3.9. Binding Free Energy Calculation

Since the states with lowest local free energy were found by LFEL, the nearest poses (100 frames) around that with lowest local free energy were chosen to further calculate the Gibbs binding free energies ($\Delta G_{binding}$) between receptors (TRβ1 and αT) and ligands (TDT, CDT) by performing MM/PB and GBSA [58,59] with MMPBSA.py.MPI [60]. The process can be summarized as:

$$\Delta G_{binding}=\Delta G_{com}-\left(\Delta G_{rec}+\Delta G_{lig}\right)$$

$$\Delta G_{com/rec/lig}=\Delta H-T\Delta S$$

$$\Delta H=\Delta E_{gas}+\Delta G_{sol}$$

$$\Delta E_{gas}=\Delta E_{int}+\Delta E_{vdw}+\Delta E_{ele}$$

$$\Delta G_{sol}=\Delta G_{PB/GB}+\Delta G_{NP}$$

$$\Delta G_{NP}=\gamma SASA+\beta$$

where $\Delta G_{com}$, $\Delta G_{rec}$ and $\Delta G_{lig}$ represent the free energies of the complex, the receptor and the ligand, respectively. Each of the terms ($\Delta G_{com/rec/lig}$) is equal to the discrepancy between enthalpy contribution ($\Delta H$) and the conformational entropy ($T\Delta S$). $T$ is the temperature of the simulated environment. $\Delta S$ is the entropy of the molecule, estimated from a normal-mode analysis of harmonic frequencies calculated at the molecular mechanics (MM) level [58]. Enthalpy ($\Delta H$) consists of the internal energy from the gas phase ($\Delta E_{gas}$) and the solvation free energy ($\Delta G_{sol}$). $\Delta E_{gas}$ is the standard gas phase energy, which includes internal energy ($\Delta E_{int}$), van der Waals interactions ($\Delta E_{vdw}$), and electrostatic energies ($\Delta E_{ele}$). Since complex molecular dynamic simulations were only performed here, the $\Delta E_{int}$ to the binding free energy was zero. The solvation energy $\Delta G_{sol}$ is the sum of a non-polar energy ($\Delta G_{NP}$) and an electrostatic energy ($\Delta G_{PB/GB}$). was calculated from the Poisson–Boltzmann function with the default cavity radii from AMBER pomtop files.

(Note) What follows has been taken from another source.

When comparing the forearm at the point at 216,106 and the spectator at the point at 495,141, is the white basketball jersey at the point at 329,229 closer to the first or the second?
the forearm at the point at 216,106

The dielectric constant was set to 1 for the interior solute and 80 for the exterior solvent. $\Delta G_{GB}$ is an alternative part for $\Delta G_{GB}$ which uses the Hawkins, Cramer, and Truhlar pairwise generalized Born model [61,62] with the parameters described by Tsui and Case [63]. The linear combinations of pairwise overlaps (LCPO) approach [64] was used to calculate the solvent accessible surface area (SASA) for the estimation of the non-polar solvation. $\gamma$ (0.00542 kcal/mol × Å²) and $\beta$ (0.92 kcal/mol) are taken from a linear regression of the solvation free energy of a set of small apolar molecules in water [65,66].

4. Conclusions

In this work, a library of receptors was screened against dityrosine, including CDT and TDT, on the basis of the inverse virtual screening method. The results of inverse virtual screening were sorted by energies from the highest to the lowest binding scores. Therefore, the targets with good binding affinities were identified by evaluation of the predicted binding energies. Taken as a whole, some receptors related to significant diseases, such as cancer, Parkinson′s disease, obesity, hypercholeaterolemia, diabetes, and inflammation, would be considered as possible targets for CDT/TDT, which would lay the foundation for further experimental analysis.